**EXTRACTED MATERIAL**
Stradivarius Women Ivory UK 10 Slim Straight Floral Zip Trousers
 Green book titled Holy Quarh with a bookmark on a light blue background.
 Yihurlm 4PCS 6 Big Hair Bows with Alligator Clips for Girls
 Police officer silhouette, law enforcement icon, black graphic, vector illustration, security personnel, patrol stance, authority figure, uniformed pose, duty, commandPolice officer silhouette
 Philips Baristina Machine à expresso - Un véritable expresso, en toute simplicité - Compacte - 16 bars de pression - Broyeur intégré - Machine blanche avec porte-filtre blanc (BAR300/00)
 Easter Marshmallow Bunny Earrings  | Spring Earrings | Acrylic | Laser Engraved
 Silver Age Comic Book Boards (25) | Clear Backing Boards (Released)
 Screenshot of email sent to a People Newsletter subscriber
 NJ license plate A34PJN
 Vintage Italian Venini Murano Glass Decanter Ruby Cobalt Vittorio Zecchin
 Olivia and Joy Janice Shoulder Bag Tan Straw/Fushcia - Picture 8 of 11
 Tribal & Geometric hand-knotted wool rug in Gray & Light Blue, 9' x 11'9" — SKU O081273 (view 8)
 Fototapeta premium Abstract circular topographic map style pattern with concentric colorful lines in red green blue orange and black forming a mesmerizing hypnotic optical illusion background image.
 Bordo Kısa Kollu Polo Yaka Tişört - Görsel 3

**PROBLEM STATEMENT**
Would you restate each line of the material above word for word?

**REPLY TO THE TASK**
Stradivarius Women Ivory UK 10 Slim Straight Floral Zip Trousers
 Green book titled Holy Quarh with a bookmark on a light blue background.
 Yihurlm 4PCS 6 Big Hair Bows with Alligator Clips for Girls
 Police officer silhouette, law enforcement icon, black graphic, vector illustration, security personnel, patrol stance, authority figure, uniformed pose, duty, commandPolice officer silhouette
 Philips Baristina Machine à expresso - Un véritable expresso, en toute simplicité - Compacte - 16 bars de pression - Broyeur intégré - Machine blanche avec porte-filtre blanc (BAR300/00)
 Easter Marshmallow Bunny Earrings  | Spring Earrings | Acrylic | Laser Engraved
 Silver Age Comic Book Boards (25) | Clear Backing Boards (Released)
 Screenshot of email sent to a People Newsletter subscriber
 NJ license plate A34PJN
 Vintage Italian Venini Murano Glass Decanter Ruby Cobalt Vittorio Zecchin
 Olivia and Joy Janice Shoulder Bag Tan Straw/Fushcia - Picture 8 of 11
 Tribal & Geometric hand-knotted wool rug in Gray & Light Blue, 9' x 11'9" — SKU O081273 (view 8)
 Fototapeta premium Abstract circular topographic map style pattern with concentric colorful lines in red green blue orange and black forming a mesmerizing hypnotic optical illusion background image.
 Bordo Kısa Kollu Polo Yaka Tişört - Görsel 3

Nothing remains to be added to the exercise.